Exactly as written, return the entries below, minus any pictures.
[Data supplied Boundary: Start]
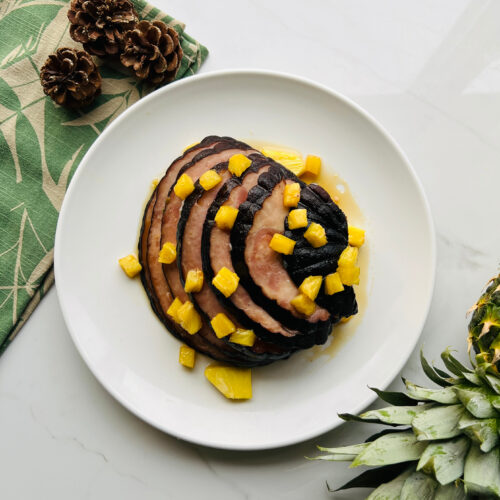 Easter special: Brown sugar pineapple ham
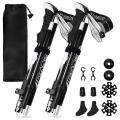 Tuobeis Trekking Poles for Hiking, 2 Pack Collapsible Aluminum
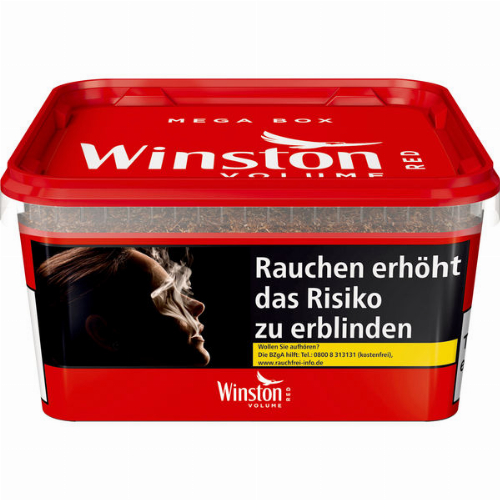 Winston Tabak Rot 140g Mega Box Volumentabak
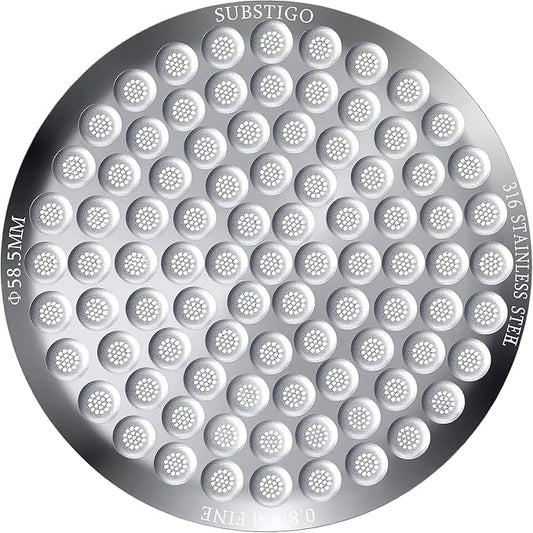 Espresso Puck Screen for Breville Espresso Filter Screen - Lower Shower Screen for Ninja Luxe Espresso Puck Screen 316 Stainless Metal Contact Screen Portafilter Basket Mesh (1, 58.5mm x 0.8mm)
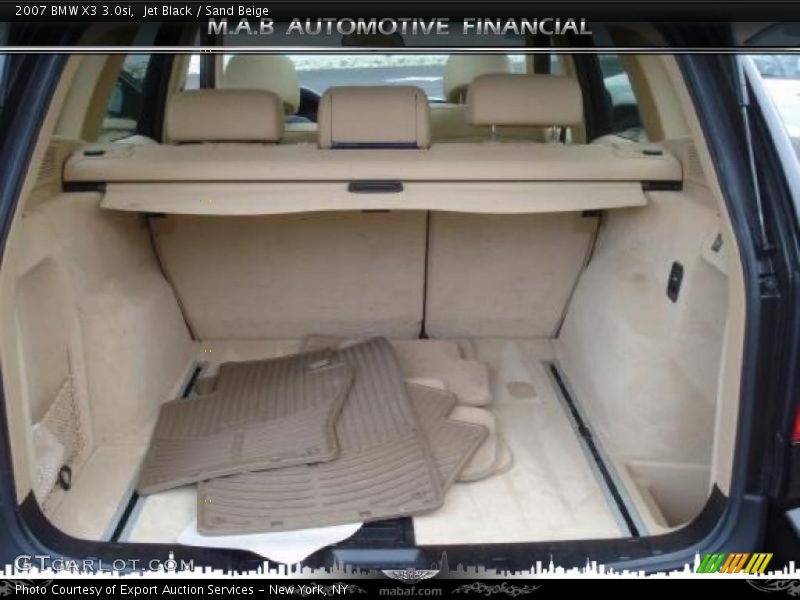 Jet Black / Sand Beige 2007 BMW X3 3.0si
[Data supplied Boundary: End]
[Response for this exercise]:
 Easter special: Brown sugar pineapple ham
 Tuobeis Trekking Poles for Hiking, 2 Pack Collapsible Aluminum
 Winston Tabak Rot 140g Mega Box Volumentabak
 Espresso Puck Screen for Breville Espresso Filter Screen - Lower Shower Screen for Ninja Luxe Espresso Puck Screen 316 Stainless Metal Contact Screen Portafilter Basket Mesh (1, 58.5mm x 0.8mm)
 Jet Black / Sand Beige 2007 BMW X3 3.0si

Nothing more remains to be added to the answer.